For fiscal 2024, HPE now anticipates operating profit growth on a GAAP and non-GAAP basis in the range of 2-6% and 0-2%, respectively. It continues to expect free cash flow to be at least $1.9 billion in fiscal 2024.

Zacks Rank & Stocks to Consider

Hewlett Packard currently carries a Zacks Rank #3 (Hold).

Some better-ranked stocks in the broader technology sector are Dropbox DBX, Tyler Technologies TYL and Datadog DDOG, each sporting a Zacks Rank #1 (Strong Buy) at present. You can see the complete list of today's Zacks #1 Rank stocks here.

The consensus mark for Dropbox’s 2024 earnings has moved north 11 cents to $2.12 per share over the past 30 days, which indicates a 7.1% increase from the 2023 level.
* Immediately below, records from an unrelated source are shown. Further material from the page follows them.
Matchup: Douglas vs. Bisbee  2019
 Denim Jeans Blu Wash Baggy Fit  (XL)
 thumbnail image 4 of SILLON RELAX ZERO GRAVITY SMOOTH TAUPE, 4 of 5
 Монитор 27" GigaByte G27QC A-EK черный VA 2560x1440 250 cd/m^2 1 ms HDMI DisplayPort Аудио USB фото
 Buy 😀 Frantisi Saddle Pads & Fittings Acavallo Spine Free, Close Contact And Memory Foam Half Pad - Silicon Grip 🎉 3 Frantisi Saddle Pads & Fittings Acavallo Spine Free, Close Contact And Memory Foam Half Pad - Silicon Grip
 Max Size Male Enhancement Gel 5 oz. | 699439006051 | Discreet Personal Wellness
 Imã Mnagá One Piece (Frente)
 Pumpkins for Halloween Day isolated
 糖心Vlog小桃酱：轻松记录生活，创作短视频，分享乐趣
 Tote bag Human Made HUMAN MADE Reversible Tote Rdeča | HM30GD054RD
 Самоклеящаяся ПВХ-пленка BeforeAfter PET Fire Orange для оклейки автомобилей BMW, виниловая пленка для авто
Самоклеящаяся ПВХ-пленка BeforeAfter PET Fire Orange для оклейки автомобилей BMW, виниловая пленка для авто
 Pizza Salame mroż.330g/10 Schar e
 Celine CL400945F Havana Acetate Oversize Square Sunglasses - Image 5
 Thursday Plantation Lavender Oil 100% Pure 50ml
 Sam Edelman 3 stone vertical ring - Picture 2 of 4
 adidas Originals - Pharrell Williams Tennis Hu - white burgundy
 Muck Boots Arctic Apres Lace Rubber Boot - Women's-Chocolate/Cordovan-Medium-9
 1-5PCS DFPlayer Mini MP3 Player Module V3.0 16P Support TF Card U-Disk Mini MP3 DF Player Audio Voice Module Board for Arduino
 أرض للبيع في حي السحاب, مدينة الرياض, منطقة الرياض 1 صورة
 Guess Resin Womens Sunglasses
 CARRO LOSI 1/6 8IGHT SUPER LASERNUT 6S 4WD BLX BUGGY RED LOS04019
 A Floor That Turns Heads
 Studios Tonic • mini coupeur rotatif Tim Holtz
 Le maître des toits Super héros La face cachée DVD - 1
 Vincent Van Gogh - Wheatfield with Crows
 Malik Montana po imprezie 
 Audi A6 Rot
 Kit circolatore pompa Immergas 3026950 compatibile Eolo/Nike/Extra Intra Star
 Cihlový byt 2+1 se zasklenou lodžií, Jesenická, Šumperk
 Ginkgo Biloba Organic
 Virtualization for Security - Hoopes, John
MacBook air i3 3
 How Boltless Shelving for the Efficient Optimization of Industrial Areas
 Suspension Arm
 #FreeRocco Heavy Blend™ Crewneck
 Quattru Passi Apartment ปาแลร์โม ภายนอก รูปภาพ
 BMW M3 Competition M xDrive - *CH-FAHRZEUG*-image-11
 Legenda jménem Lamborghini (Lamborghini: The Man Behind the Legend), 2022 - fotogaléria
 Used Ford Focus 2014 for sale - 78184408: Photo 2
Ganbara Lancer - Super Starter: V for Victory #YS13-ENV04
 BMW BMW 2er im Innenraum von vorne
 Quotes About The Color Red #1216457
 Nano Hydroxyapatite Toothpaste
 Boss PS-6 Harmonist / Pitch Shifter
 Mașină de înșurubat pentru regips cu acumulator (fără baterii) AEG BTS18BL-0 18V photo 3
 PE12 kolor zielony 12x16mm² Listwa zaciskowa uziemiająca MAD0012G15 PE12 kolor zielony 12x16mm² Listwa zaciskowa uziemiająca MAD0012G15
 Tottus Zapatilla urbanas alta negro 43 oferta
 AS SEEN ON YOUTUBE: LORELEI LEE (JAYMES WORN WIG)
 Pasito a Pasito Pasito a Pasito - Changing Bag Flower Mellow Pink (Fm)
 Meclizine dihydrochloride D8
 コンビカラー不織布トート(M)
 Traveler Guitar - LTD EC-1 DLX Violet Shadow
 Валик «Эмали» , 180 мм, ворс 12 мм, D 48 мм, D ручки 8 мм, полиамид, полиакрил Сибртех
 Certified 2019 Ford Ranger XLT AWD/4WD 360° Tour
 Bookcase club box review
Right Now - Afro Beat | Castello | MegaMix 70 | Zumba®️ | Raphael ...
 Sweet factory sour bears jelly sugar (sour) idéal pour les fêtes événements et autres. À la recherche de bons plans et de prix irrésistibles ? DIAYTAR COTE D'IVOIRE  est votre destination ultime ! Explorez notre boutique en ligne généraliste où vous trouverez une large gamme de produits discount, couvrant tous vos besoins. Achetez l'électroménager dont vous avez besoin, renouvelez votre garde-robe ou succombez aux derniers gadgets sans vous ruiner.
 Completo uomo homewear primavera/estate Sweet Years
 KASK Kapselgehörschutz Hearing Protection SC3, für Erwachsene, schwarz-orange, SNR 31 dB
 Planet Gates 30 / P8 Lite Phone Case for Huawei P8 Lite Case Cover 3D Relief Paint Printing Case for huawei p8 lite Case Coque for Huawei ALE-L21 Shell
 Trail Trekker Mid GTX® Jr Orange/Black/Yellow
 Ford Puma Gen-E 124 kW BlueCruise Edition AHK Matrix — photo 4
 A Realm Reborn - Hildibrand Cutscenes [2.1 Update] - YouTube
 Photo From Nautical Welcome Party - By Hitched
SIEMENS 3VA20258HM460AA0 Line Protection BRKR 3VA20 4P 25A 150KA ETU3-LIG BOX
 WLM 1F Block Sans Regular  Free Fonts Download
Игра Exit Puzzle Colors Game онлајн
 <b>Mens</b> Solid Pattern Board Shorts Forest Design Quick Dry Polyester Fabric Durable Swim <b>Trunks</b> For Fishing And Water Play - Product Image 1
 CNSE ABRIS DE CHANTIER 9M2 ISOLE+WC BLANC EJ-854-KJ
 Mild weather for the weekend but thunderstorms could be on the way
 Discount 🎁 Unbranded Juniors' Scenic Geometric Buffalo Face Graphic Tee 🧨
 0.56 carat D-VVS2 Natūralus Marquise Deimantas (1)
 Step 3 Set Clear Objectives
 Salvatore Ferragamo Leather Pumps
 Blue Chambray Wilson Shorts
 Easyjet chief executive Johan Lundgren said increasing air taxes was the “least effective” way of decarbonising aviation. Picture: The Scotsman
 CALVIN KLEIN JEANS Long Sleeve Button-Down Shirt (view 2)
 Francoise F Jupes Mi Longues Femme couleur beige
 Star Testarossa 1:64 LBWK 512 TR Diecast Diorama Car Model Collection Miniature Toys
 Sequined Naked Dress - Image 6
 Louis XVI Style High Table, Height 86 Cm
It has a long-term earnings growth rate of 11.4%. The DBX stock has plunged 26.4% in the YTD period.

The Zacks Consensus Estimate for Tyler Technologies’ 2024 earnings has moved north 4 cents to $9.19 per share in the past 30 days, which implies year-over-year growth of 17.8%. It has a long-term earnings growth rate of 15%. The TYL stock has risen 14.4% YTD.

The Zacks Consensus Estimate for Datadog’s 2024 earnings has moved north 12 cents to $1.54 per share in the past 30 days, which calls for an increase of 16.7% on a year-over-year basis. The company has a long-term earnings growth rate of 9.6%. DDOG’s shares have dropped 10.4% YTD.